Preston's 50-Year Love Affair
Thursday, January 27, 2011
Story by Matt Elliott
Photos by Gary Lawson
Oklahoma is a state of contrasts, says linguist Dennis Preston, but “fixin’ to” is
the great equalizer.
“All Oklahomans like ‘fixin’ to,’” says Preston, with a twinkle in his eye, “even
those fancy pants smart alecks in Tulsa. They all say ‘fixin’ to.’ They wouldn’t say
‘pin’ and ‘pen’ the same if you paid them. And they certainly wouldn’t say things
like ‘might could’ and a lot of other southernisms Oklahomans use, but ‘fixin’ to’
seems to be a matter of state pride.”
OSU named Preston a Regents Professor in 2009 for his work delving into the “fixin’
to’s” of the world of sociolinguistics and dialects. In fact, his telling of its history
is a good explanation of what he does at OSU.
The linguist, who has spent nearly 50 years in his field, studies how people talk
and uses sociology, ethnography, history and psychology to weave a tapestry that depicts
peoples’ movements over time. The movement of “fixin’ to” from rural Oklahoma to urban
areas shows in part how populations moved within the state during the last 65 years.
“Before 1945, there was no presence in Oklahoma of ‘fixin’ to’ in the urban areas,”
Preston says. “It was only in the countryside. Normally, what happens is it goes from
the city to the country. Here, it’s been just the opposite.”
Preston came to OSU in 2008 wanting his own research program, bored after retiring
from Michigan State University, where he spent 17 years as a sociolinguist and dialectologist.
That’s the latest chapter in what has been a long love affair with words.
Growing up in Harrisburg, Ill., his dad’s side of the family was from Hungary, and
his grandmother didn’t speak English. His mom’s family, his “hillbilly side,” was
full of coal miners from the Louisville, Ky., area.
He moved around at different colleges for a few years, receiving his bachelor’s degree
in 1962 from the University of Louisville. By 1969, he had his doctoral degree from
the University of Wisconsin-Madison and began his career teaching at Ohio State. Several
university teaching jobs later, he has learned no less than eight languages, including
Polish, Spanish, Portuguese, German, Italian, English Caribbean Creole and Xhosa (the
Bantu dialect prominent in South Africa) and a perfect Louisville dialect, but adds
he doesn’t sound like “Li’l Abner.”
At OSU, he’s working on a grant with the Research Institute for the Languages of
Finland to study language among Helsinki residents. However, his main project is something
he calls RODEO, or Research on the Dialects of English in Oklahoma, with a former
student and Langston University professor Darnell Williams.

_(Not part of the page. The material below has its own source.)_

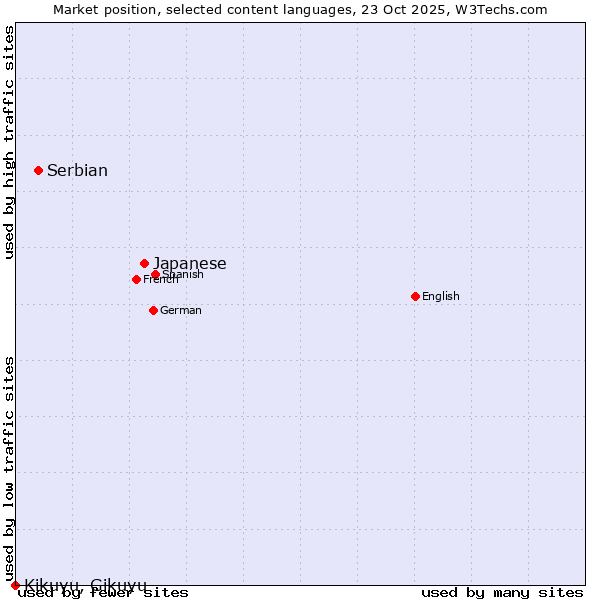 Market position of Japanese vs. Serbian vs. Kikuyu, Gikuyu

Previous projects in the state have ignored blacks, Native Americans and certain
immigrant populations in Oklahoma, he says, including Oklahoma’s Czech descendants.
His drive is to catalog their dialects and understand how they fit in the state’s
language picture.
“Blacks in Oklahoma have been completely ignored in previous dialect work, both in
urban and rural areas. There’s not one minute of tape of residents from the traditional
black towns of Oklahoma. It’s also unthinkable in Oklahoma that there’s been no study
of what traditional Native American English sounds like.”
Although he’s dedicated to his research, he keeps lifelong ties with many of his
former students, who end up becoming friends as well as protégés. Terumi Imai, a Japanese
linguist, studied under Preston (whom some of his former students call “Grampaw”)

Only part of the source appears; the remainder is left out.